**EXERCISE DETAILS:** Your answer must be an exact copy of the lines from the one containing "PORSCHE-MACAN-2.0 16V GASOLINA" through the last line of the records below, with no pictures; please include nothing else.

**Short text fragments from websites:**
━━━━━━━━━━━━━━━━━━━━

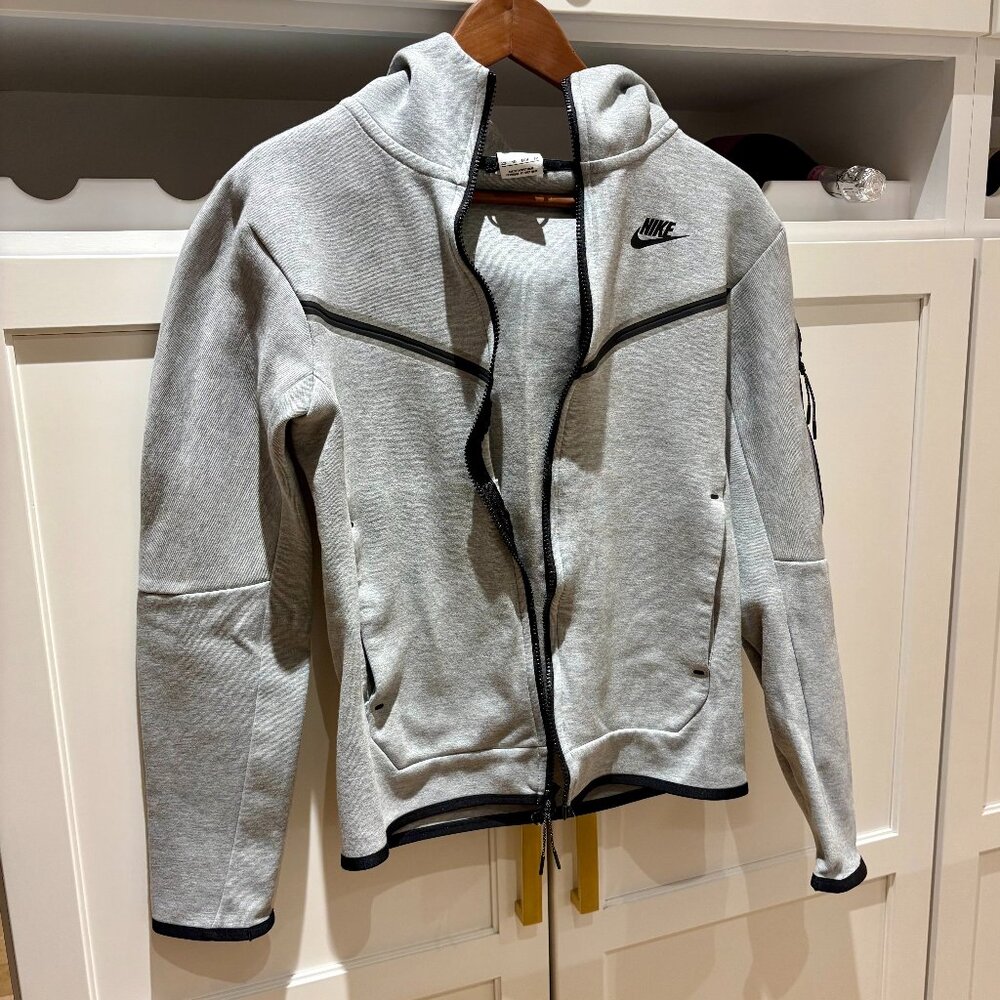 Nike Tech Men's Full-Zip Windrunner Hoodie - Size XS
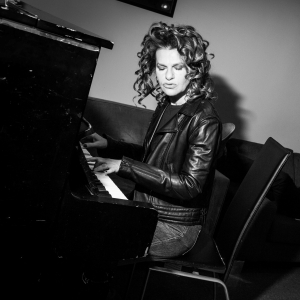 Sandra Bernhard is Back on the Road with EASY LISTENING Live Tour 2024 Photo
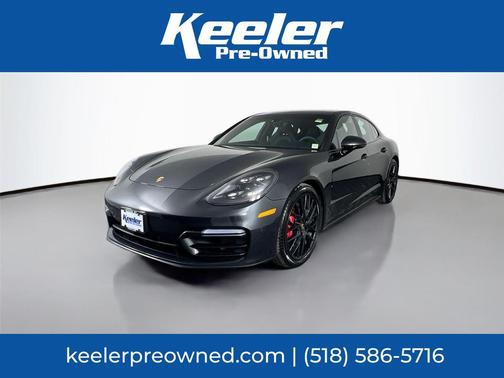 2022 Porsche Panamera GTS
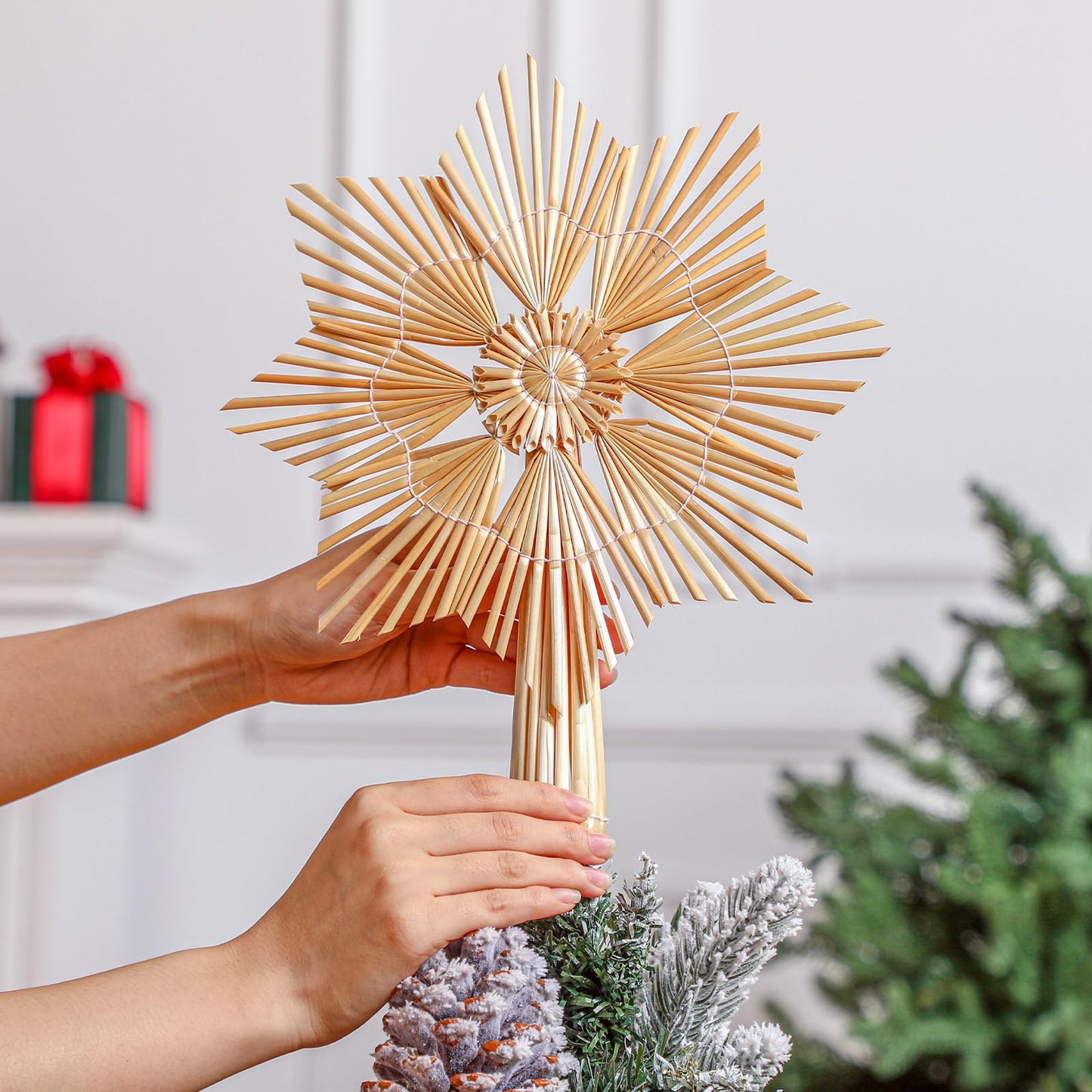 Lineshading Christmas Straw Star Snowflake Tree Topper Straw Ornaments 10 x 12 Inch Swedish Style Nordic Tree Topper for Christmas Tree Office Home Indoor Desktop Adults Decoration(Classic)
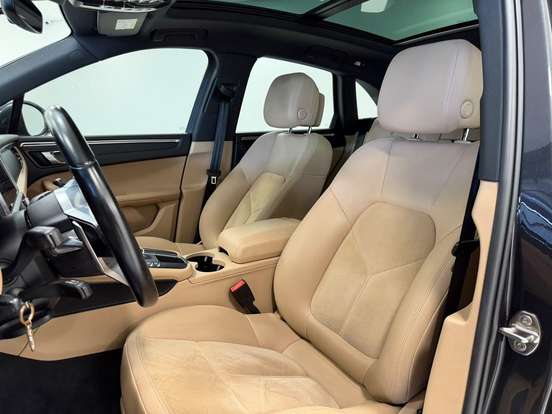 PORSCHE-MACAN-2.0 16V GASOLINA 4P AUTOMÁTICO PORSCHE-MACAN-2021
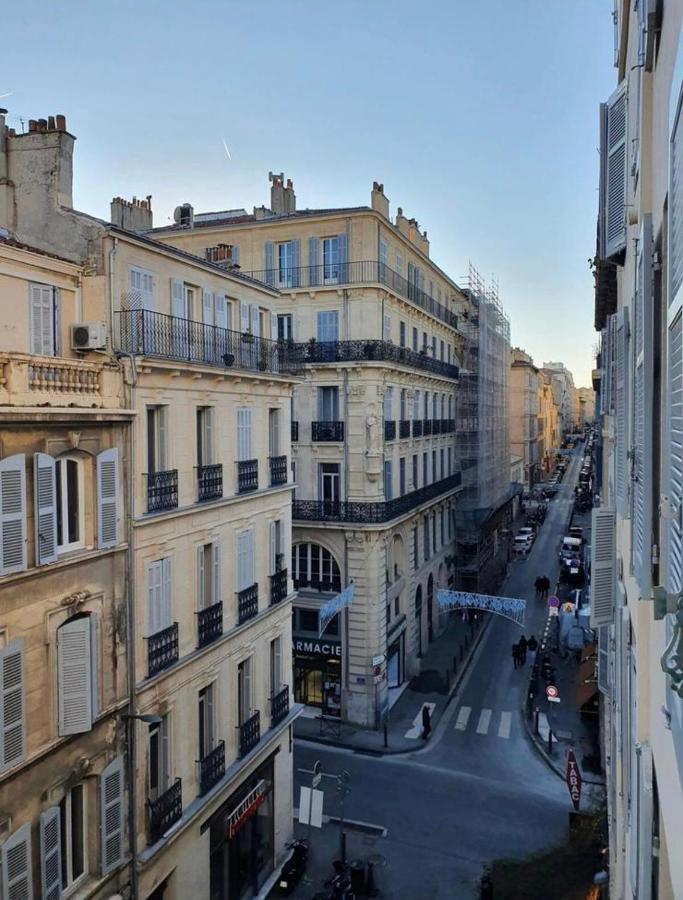 A Rue Sainte - Centre Marseilles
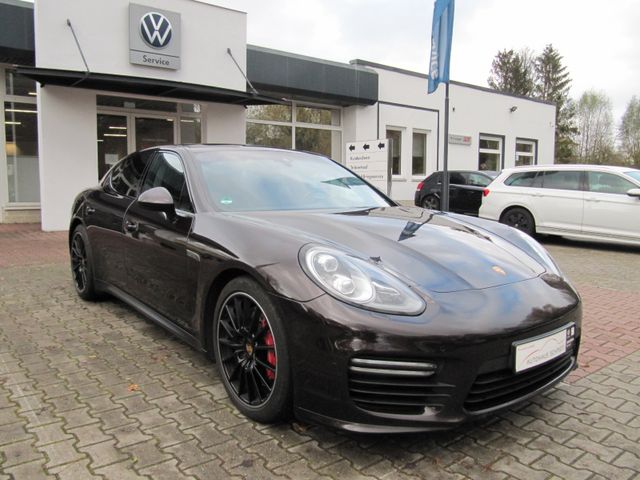 Porsche Panamera GTS  BOSE+R-KAM+PCM+EGSD+PDLS+SPORT CH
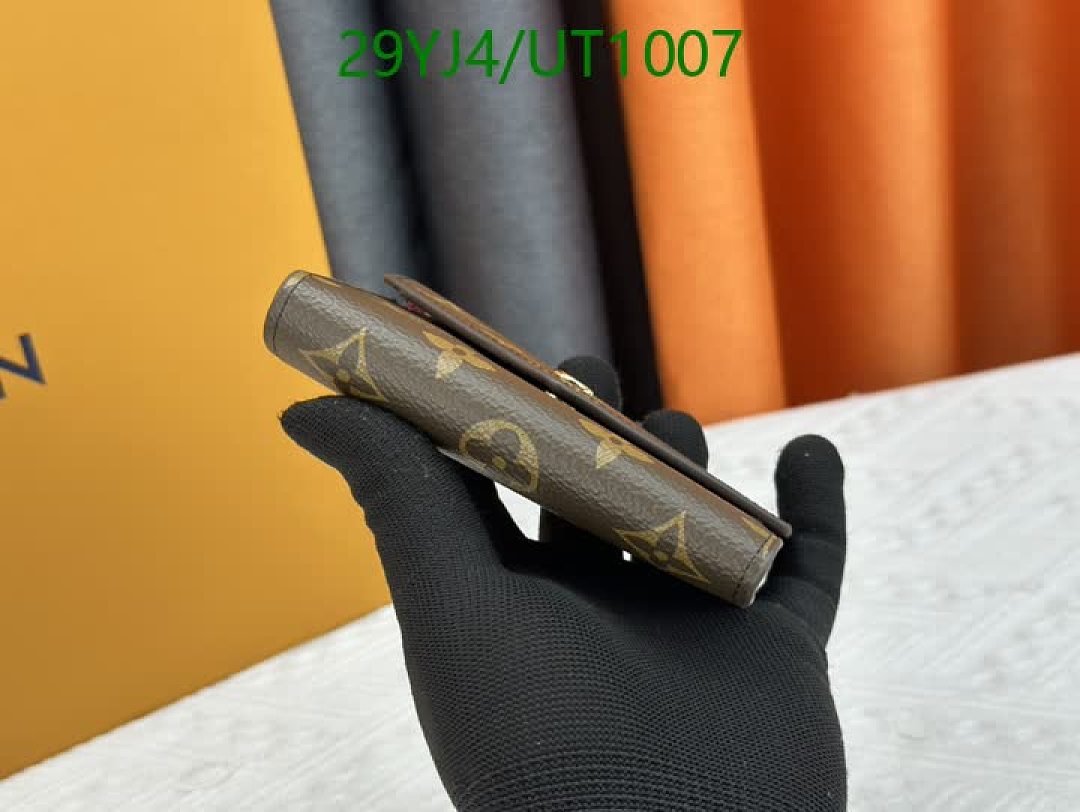 LV-Wallets-4A Quality Code: UT1007 $: 29USD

━━━━━━━━━━━━━━━━━━━━

**EXERCISE RESPONSE:**
 PORSCHE-MACAN-2.0 16V GASOLINA 4P AUTOMÁTICO PORSCHE-MACAN-2021
 A Rue Sainte - Centre Marseilles
 Porsche Panamera GTS  BOSE+R-KAM+PCM+EGSD+PDLS+SPORT CH
 LV-Wallets-4A Quality Code: UT1007 $: 29USD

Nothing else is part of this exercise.